Criteria for languages?

Thu Dec 3 04:17:02 CET 2009

Hi -

> From: "Mark Davis ☕" <mark at macchiato.com>
> To: "Randy Presuhn" <randy_presuhn at mindspring.com>
> Cc: <ietf-languages at iana.org>
> Sent: Wednesday, December 02, 2009 1:37 PM
> Subject: Re: Criteria for languages?
>
> I have nothing against the macrolanguage concept per se.
>
> What I do find very troublesome is that the application of it seems fairly
> ad hoc, with little clarity as to why it is used in one case (Latvian) and
> not in another (Swiss German).

I agree.  What we have is the result of a painful compromise in ltru.
I'd characterize where we left it as "employing macrolanguages in the
generation of language tags doesn't appear to be as generally useful as
we might have thought they might be when we did RFC 4646, but there is
also the reality of extesively used subtags like zh and ar.  So while
we're not going to *encourage* this pattern, we recognize that there
are situations where it may make sense (due to legacy data.)"

Or, as RFC 5646 puts it: "To accommodate language tag forms used
prior to the adoption of this  document, language tags provide a
special compatibility mechanism: the extended language subtag."

What gets Swiss German off the hook is that, despite its name,
its users / taggers are IMO quite aware that it's not 'de'
and would be unlikely IMO to want to tag it as 'de' if any
alternative at all is available.  How inclined are users of
Latgalian to consider their language a variety of Latvian?

> If there were a consistent policy for it, then it could be usefully applied,

I'd be wary of trying to get too specific.  That's the domain of a successor
to RFC 5646, something I have absolutely no desire to work on.

> and implementations could anticipate what they need to do for now and the
> future.
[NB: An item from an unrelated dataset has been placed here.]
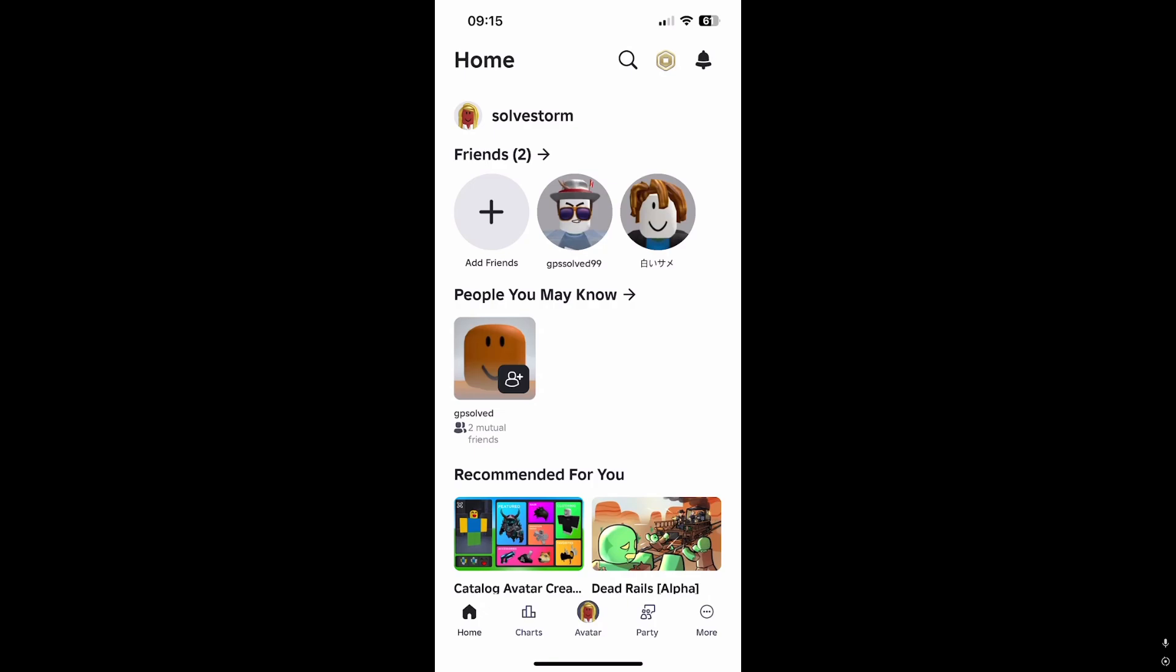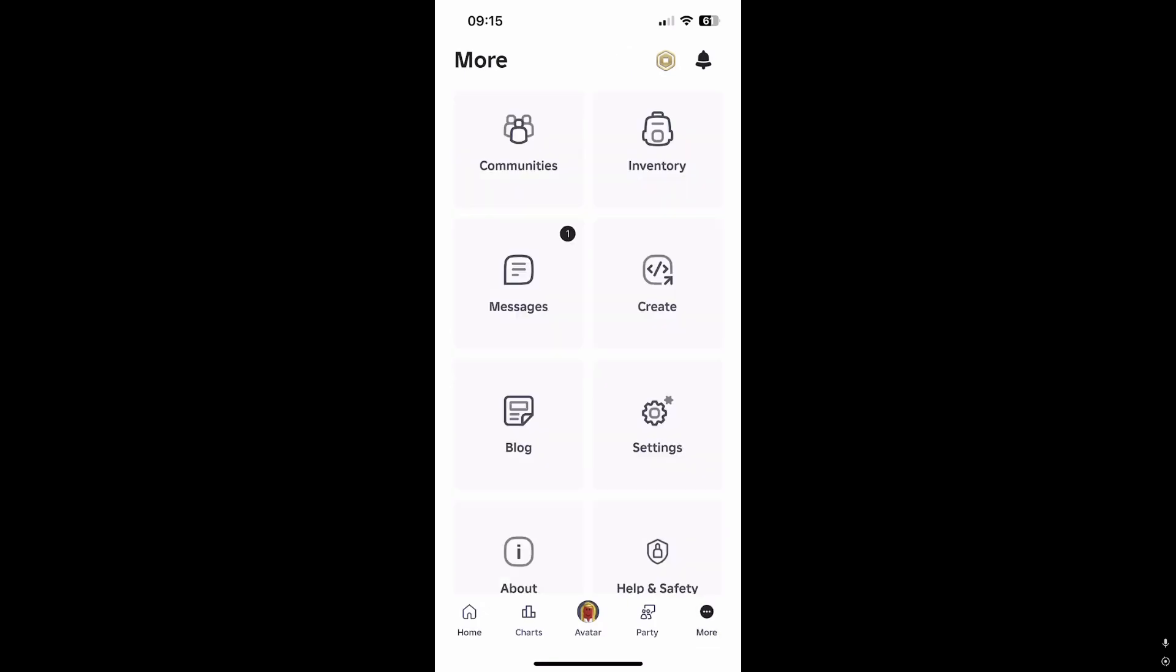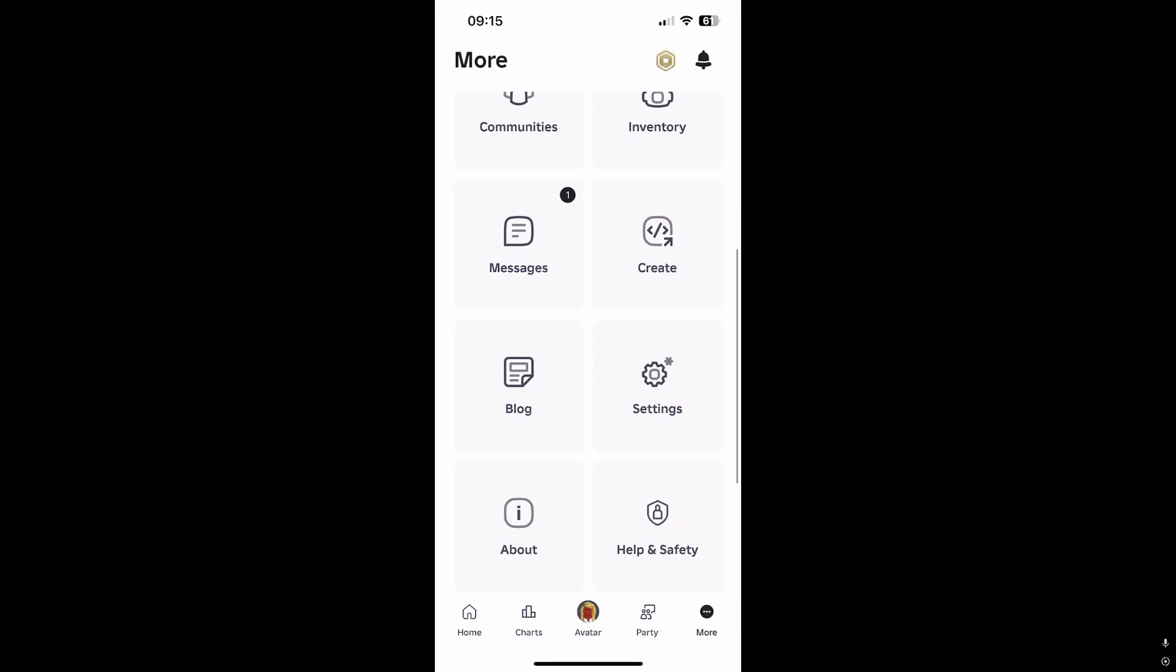All you need to do is on mobile you need to press More. On PC you need to press the gear icon and go to the Settings.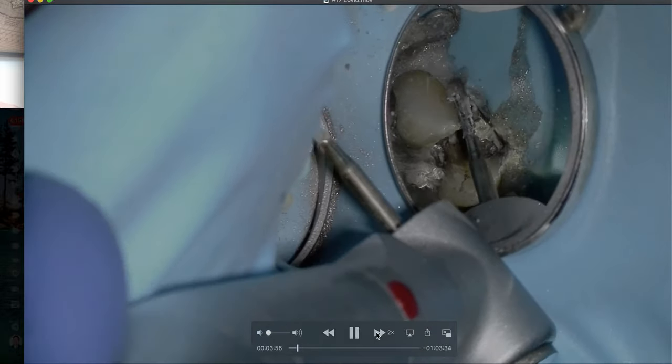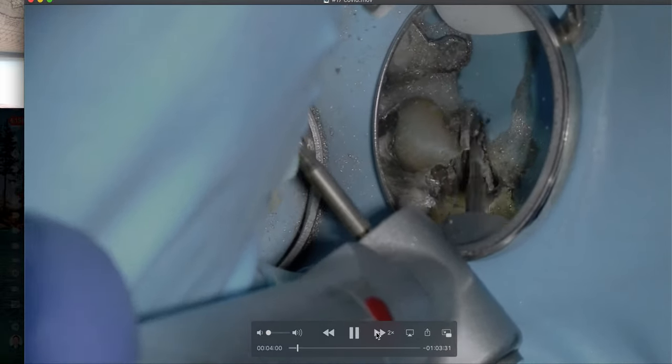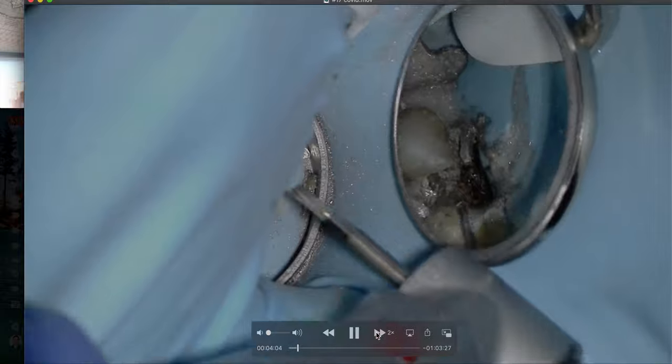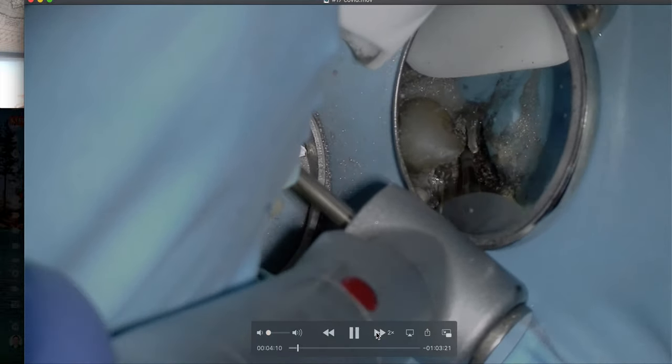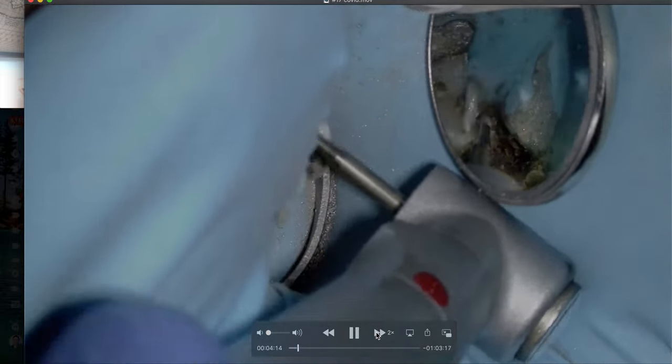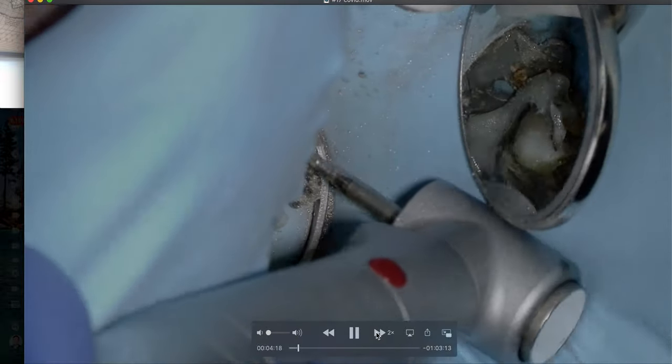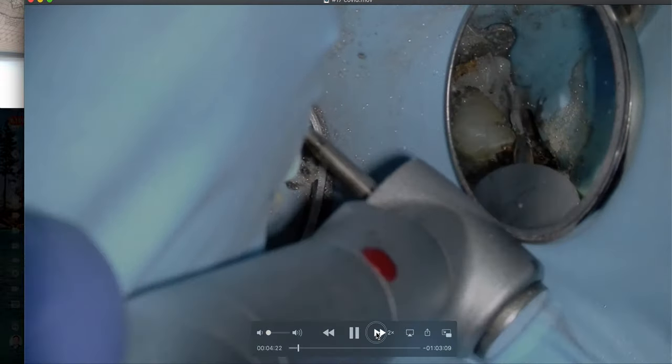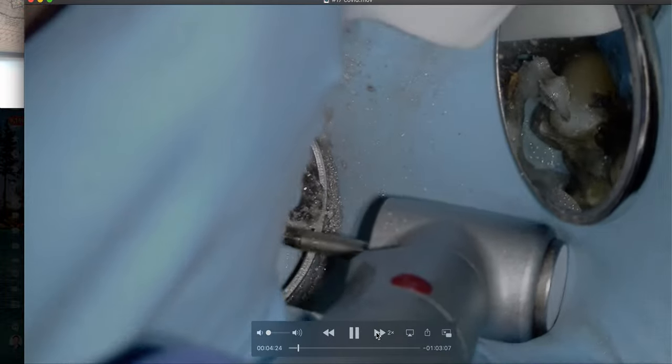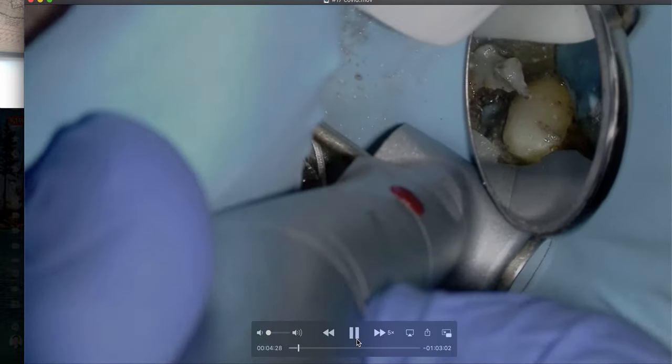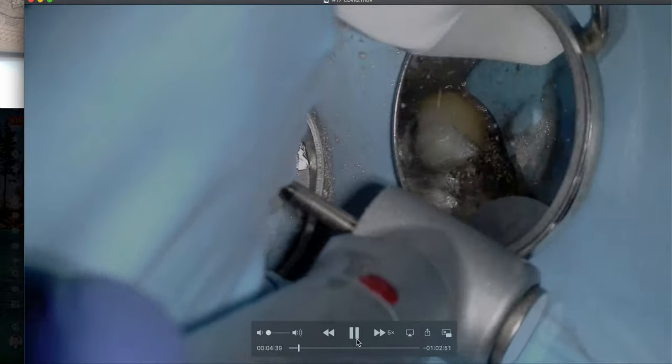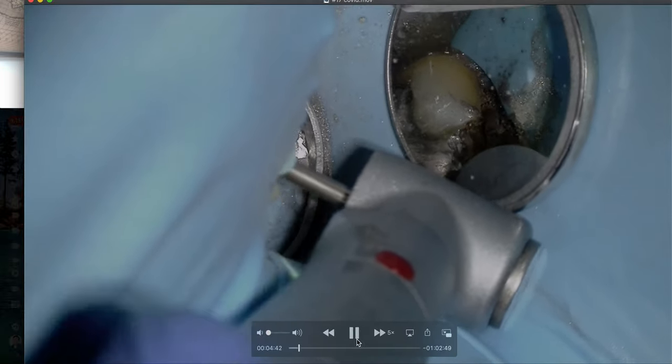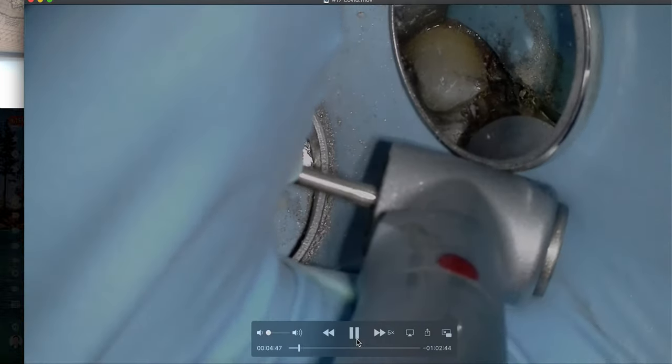So you can see once we break the seal, the seal works really well to keep the saliva out. Because we're removing that restoration just to make sure that the tooth is restorable. So we remove that restoration there. And then you can see the saliva start flowing in. So that's one of the reasons why we do use that secondary seal.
I'll throw out a strawman:
>
> A. If
>
>    1. X is being encoded,
>    2. A reasonable person, based on information in the registry, could have
>    tagged X-content as Y in the past
>    3. There is good evidence that a substantial amount of data has been so
>    tagged,

"reasonable person" and "substantial" are wonderful weasel words.  :-)

>    4. and X and the standard/predominent version of Y are not mutually
>    comprehensible (at least to the degree that say Scots English and
>    Mississippi English are)

FWIW, though I am a native speaker of (North Central) American English,
I understand neither of those varieties reliably.

> Then Y should be made into a macrolanguage, and a new Z should be encoded to
> represent the standard form of Y.

I think this is a fair summary of what we did with zh and ar, and what
we perhaps should have done with de if consistency really mattered.

> B. For matching, Y should match both X and Z. (X should match X, and Z
> should match Z).

ok.

> C. For lookup, Y should fetch content marked with Z. (X should fetch X, and
> Z should fetch Z).

Uh, how about content marked with Y?

Randy